I have my doubts about that - I've heard it said many times but no
data has been provided to prove the assertion....

> When sharing does happen, we currently account to the
> first process to ever touch the object. This is also how memcg treats
> shared memory users for userspace pages and it is working well so far.
> It doesn't *always* give you good behavior, but I guess those fall in
> the list of "workloads memcg is not good for".

And that list contains?

> Do we want to extend this list of use cases?  Sure. There is also
> discussion going on about how to improve this in the future. That would
> allow a policy to specify which memcg is to be "responsible" for the
> shared objects, be them kernel memory or shared memory regions. Even
> then, we'll always have one of the two scenarios:
> 
> 1) There is a memcg that is responsible for accounting that object, and
> then is clear we should reclaim from that memcg.
> 
> 2) There is no memcg associated with the object, and then we should not
> bother with that object at all.
> 
> I fully understand your concern, specifically because we talked about
> that in details in the past. But I believe most of the cases that would
> justify it would fall in 2).

Which then leads to this: the no-memcg object case needs to scale.

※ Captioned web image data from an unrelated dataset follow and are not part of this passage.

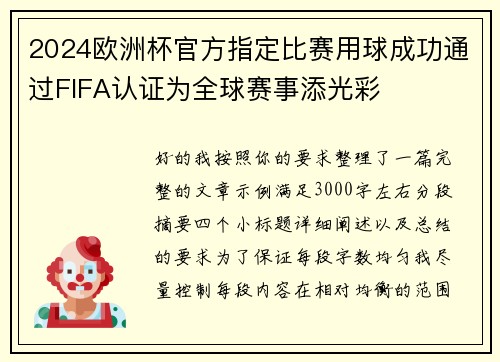 2024欧洲杯官方指定比赛用球成功通过FIFA认证为全球赛事添光彩 2024欧洲杯官方指定比赛用球成功通过FIFA认证为全球赛事添光彩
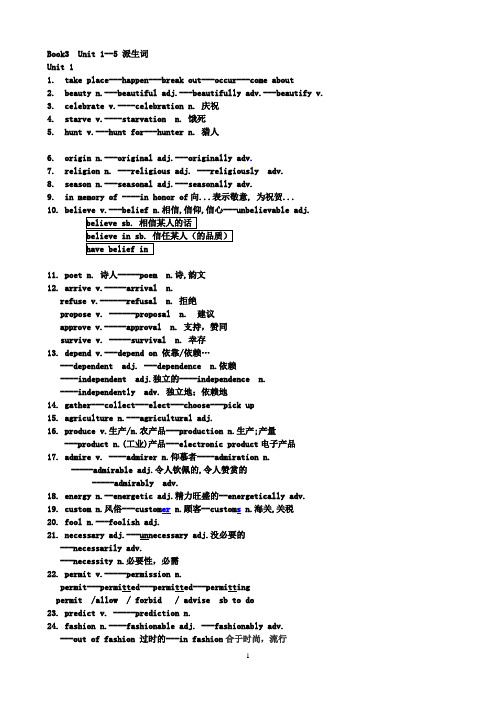 B3-4派生词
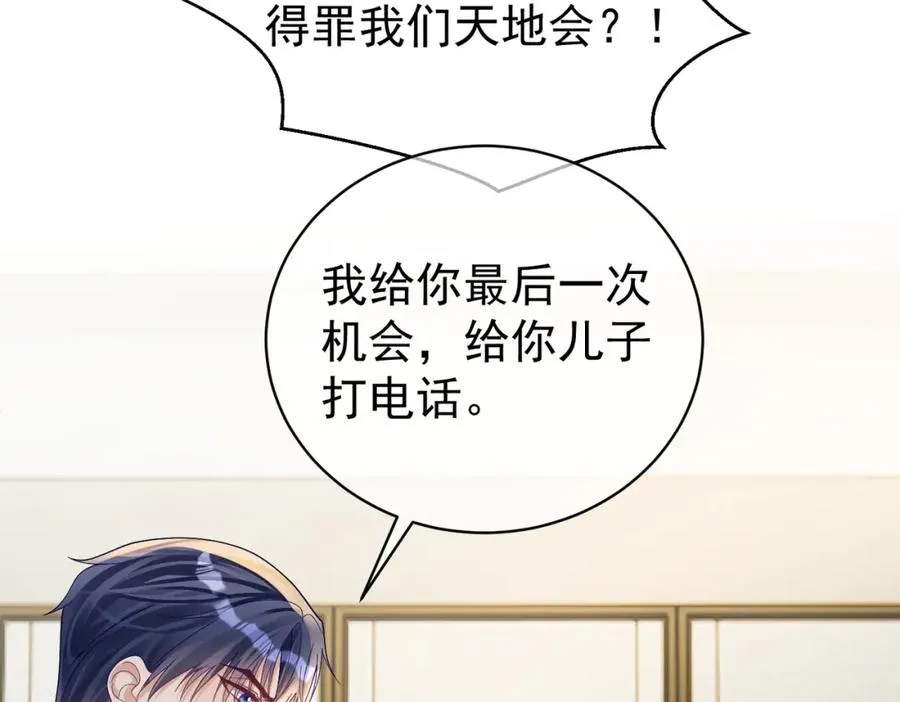 第61话 断子绝孙！63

> Another thing to keep in mind is that we don't actually track objects.
> We track pages, and try to make sure that objects in the same page
> belong to the same memcg. (That could be important for your analysis or
> not...)

Hmmmm. So you're basically using the characteristics of internal
slab fragmentation to keep objects allocated to different memcg's
apart? That's .... devious. :)

> > Having mem
> > pressure in a single memcg that causes globally accessed dentries
> > and inodes to be tossed from memory will simply cause cache
> > thrashing and performance across the system will tank.
> > 
> 
> As said above. I don't consider global accessed dentries to be
> representative of the current use cases for memcg.

But they have to co-exist, and I think that's our big problem. If
you have a workload in a memcg, and the underlying directory
structure is exported via NFS or CIFS, then there is still global
access to that "memcg local" dentry structure.

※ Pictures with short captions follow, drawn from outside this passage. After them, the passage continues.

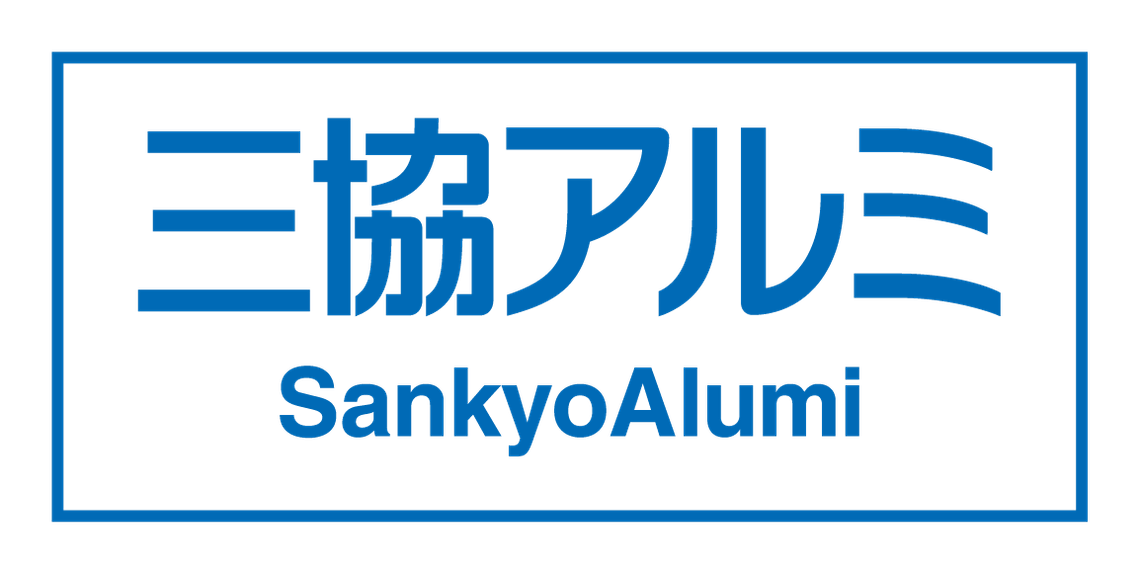 LogoSankyoAlumiMix150ppi-04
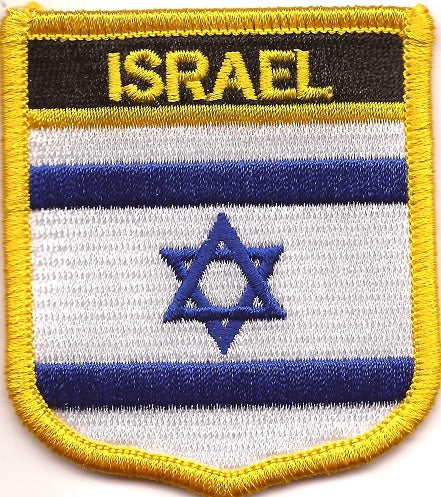 Israel Flag Patch - Shield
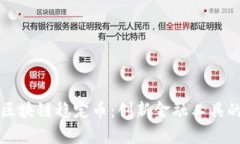普华集团区块链稳定币:创新金融工具的未来前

> >>> The patch now is only handling dentry cache by given the nature dentry pinned
> >>> inode. Based on the data we've collected, that contributes the main factor of
> >>> the reclaimable slab objects. We also could make a generic infrastructure for
> >>> all the shrinkers (if needed).
> >>
> >> Dave Chinner has some prototype code for that.
> > 
> > The patchset I have makes the dcache lru locks per-sb as the first
> > step to introducing generic per-sb LRU lists, and then builds on
> > that to provide generic kernel-wide LRU lists with integrated
> > shrinkers, and builds on that to introduce node-awareness (i.e. NUMA
> > scalability) into the LRU list so everyone gets scalable shrinkers.
> > 
> 
> If you are building a generic infrastructure for shrinkers, what is the
> big point about per-sb? I'll give you that most of the memory will come
> from the VFS, but other objects are shrinkable too, that bears no
> relationship with the vfs.

Without any more information, it's hard to understand what I'm
doing.  The shrinker itself cannot lock or determine if an object is
reclaimable - that involves reference counts, status flags, whether
it is currently being freed, etc - so the generic shrinker has to
use callbacks for the objects to be freed. A generic shrinker looks
like this:

struct shrinker_lru_node {
       spinlock_t              lock;
       long                    lru_items;
       struct list_head        lru;
} ____cacheline_aligned_in_smp;

struct shrinker_lru {
       struct shrinker_lru_node node[MAX_NUMNODES];
       struct shrinker_lru_node expedited_reclaim;
       nodemask_t              active_nodes;

       int (*isolate_item)(struct list_head *, spinlock_t *, struct list_head *);
       int (*dispose)(struct list_head *);
};

and when you want to shrink the LRU you call shrinker_lru_shrink().
This walks the items on the LRU is calls the .isolate_item method
for the subsystem to try to remove the item from the LRU under the
LRU lock passed to the callback. The callback can drop the LRU lock
to free the item, or it can move it to the supplied dispose list
without dropping the lock. If the LRU lock is dropped, the scan has
to restart from the start of the list, so there's some interesting
issues with return values here.

Once all the items are scanned and moved to the dispose list, the
.dispose method is called to free all the items on the list.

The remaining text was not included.